**YOUR INSTRUCTIONS**
Could you reproduce, word for word, everything below from the line containing "2 Bedrooms Condo" down to the line containing "Used 2024 BMW X4 xDrive30i image 20", with both of those lines included and no others?

**MATERIAL SHOWN**

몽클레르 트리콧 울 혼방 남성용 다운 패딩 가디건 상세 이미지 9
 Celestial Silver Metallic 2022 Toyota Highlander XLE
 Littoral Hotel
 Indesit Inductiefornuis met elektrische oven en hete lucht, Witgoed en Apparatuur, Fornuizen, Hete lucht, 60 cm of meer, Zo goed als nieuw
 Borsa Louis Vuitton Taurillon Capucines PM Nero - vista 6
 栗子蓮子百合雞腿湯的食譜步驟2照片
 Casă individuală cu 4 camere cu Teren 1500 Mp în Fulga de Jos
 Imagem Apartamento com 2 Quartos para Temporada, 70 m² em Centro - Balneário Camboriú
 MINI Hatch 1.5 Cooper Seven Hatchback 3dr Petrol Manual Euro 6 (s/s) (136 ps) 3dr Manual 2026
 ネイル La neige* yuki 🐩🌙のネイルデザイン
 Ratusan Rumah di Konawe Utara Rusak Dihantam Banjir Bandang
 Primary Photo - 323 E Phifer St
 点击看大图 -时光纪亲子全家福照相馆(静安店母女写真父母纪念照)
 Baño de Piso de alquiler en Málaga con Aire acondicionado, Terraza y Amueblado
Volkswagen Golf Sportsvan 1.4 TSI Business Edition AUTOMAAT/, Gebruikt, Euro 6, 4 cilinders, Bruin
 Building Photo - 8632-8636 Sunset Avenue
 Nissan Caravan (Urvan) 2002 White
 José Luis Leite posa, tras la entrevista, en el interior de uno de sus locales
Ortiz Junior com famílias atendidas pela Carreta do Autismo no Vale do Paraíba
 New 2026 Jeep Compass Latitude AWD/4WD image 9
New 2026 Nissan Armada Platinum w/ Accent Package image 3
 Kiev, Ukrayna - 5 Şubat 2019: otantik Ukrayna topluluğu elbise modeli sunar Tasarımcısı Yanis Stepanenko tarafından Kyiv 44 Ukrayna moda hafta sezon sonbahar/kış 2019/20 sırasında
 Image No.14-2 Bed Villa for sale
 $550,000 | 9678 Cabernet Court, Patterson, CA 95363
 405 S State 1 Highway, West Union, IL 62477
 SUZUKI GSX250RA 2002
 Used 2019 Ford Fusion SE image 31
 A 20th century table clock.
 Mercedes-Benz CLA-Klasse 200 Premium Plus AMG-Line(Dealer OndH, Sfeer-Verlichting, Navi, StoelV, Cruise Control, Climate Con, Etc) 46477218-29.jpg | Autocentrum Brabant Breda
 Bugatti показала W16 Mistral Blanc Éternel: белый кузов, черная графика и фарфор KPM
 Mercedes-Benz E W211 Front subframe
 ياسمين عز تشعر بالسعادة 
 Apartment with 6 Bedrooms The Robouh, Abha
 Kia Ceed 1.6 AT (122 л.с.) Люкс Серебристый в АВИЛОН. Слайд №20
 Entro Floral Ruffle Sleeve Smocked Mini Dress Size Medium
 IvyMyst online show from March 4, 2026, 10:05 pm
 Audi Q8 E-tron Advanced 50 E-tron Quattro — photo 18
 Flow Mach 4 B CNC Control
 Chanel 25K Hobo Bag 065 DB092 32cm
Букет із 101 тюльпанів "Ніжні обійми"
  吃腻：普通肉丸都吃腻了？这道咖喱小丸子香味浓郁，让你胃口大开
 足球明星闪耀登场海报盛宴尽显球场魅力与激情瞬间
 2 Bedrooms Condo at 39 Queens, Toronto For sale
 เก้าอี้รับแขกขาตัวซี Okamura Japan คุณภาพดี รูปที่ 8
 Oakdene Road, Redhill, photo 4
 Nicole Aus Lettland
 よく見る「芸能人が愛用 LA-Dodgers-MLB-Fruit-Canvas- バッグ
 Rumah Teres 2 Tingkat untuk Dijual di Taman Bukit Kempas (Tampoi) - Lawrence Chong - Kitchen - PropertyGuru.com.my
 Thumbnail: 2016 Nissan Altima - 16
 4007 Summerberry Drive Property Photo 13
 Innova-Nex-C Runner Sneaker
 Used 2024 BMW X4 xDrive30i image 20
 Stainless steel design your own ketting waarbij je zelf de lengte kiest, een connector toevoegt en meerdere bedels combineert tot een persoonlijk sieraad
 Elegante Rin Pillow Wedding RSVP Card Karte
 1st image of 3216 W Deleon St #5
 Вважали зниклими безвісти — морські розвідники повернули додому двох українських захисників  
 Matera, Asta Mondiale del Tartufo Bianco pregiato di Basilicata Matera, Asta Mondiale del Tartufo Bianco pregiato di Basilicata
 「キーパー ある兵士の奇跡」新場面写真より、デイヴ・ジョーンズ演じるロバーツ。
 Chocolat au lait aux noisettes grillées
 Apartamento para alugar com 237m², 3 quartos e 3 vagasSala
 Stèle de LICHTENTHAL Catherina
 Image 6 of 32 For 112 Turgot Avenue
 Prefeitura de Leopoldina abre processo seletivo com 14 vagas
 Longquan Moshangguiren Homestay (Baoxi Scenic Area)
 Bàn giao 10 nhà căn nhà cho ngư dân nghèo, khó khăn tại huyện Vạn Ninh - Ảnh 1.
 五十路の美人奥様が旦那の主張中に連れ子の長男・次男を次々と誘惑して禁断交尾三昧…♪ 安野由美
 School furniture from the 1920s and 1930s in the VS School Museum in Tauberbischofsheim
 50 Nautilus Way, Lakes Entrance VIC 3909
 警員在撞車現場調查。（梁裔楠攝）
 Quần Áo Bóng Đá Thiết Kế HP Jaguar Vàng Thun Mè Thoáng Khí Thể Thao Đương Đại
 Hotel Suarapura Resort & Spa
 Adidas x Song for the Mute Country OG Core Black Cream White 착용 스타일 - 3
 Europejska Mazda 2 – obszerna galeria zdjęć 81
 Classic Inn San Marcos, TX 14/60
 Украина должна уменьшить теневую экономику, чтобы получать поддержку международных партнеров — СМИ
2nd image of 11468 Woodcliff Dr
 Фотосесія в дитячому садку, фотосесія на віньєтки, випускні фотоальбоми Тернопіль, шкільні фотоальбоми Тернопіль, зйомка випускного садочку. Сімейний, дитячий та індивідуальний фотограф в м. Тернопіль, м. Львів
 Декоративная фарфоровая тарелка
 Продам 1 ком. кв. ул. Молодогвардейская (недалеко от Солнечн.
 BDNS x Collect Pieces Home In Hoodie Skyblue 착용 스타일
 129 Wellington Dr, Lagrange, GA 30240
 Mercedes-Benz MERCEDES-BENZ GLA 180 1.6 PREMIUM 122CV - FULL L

**RESULT**
 2 Bedrooms Condo at 39 Queens, Toronto For sale
 เก้าอี้รับแขกขาตัวซี Okamura Japan คุณภาพดี รูปที่ 8
 Oakdene Road, Redhill, photo 4
 Nicole Aus Lettland
 よく見る「芸能人が愛用 LA-Dodgers-MLB-Fruit-Canvas- バッグ
 Rumah Teres 2 Tingkat untuk Dijual di Taman Bukit Kempas (Tampoi) - Lawrence Chong - Kitchen - PropertyGuru.com.my
 Thumbnail: 2016 Nissan Altima - 16
 4007 Summerberry Drive Property Photo 13
 Innova-Nex-C Runner Sneaker
 Used 2024 BMW X4 xDrive30i image 20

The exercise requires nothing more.